## [What to produce]
Skip the pictures and repeat each line of the data exactly.

======== Provided data ========

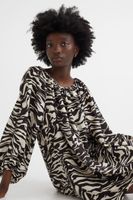 Balloon-sleeved Crêped Dress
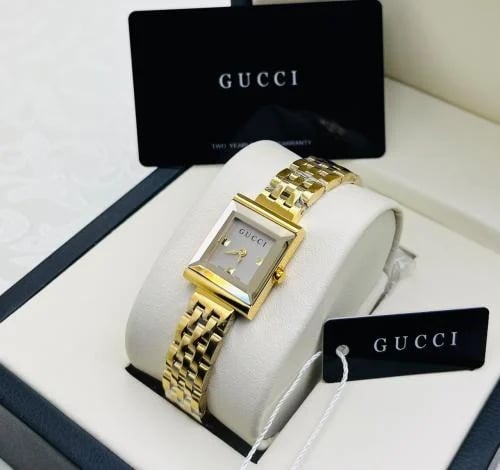 ساعة نسائية فاخرة بتصميم غوتشي (Gucci) – ذهبية بكادر مربّع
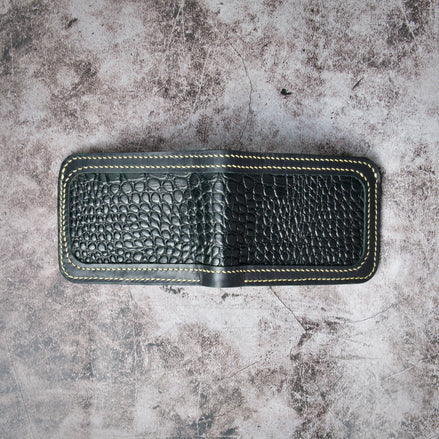 Croc-Embossed Classic Bi-Fold Wallet | Indus Sultan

========

## [Response to this task]
 Balloon-sleeved Crêped Dress
 ساعة نسائية فاخرة بتصميم غوتشي (Gucci) – ذهبية بكادر مربّع
 Croc-Embossed Classic Bi-Fold Wallet | Indus Sultan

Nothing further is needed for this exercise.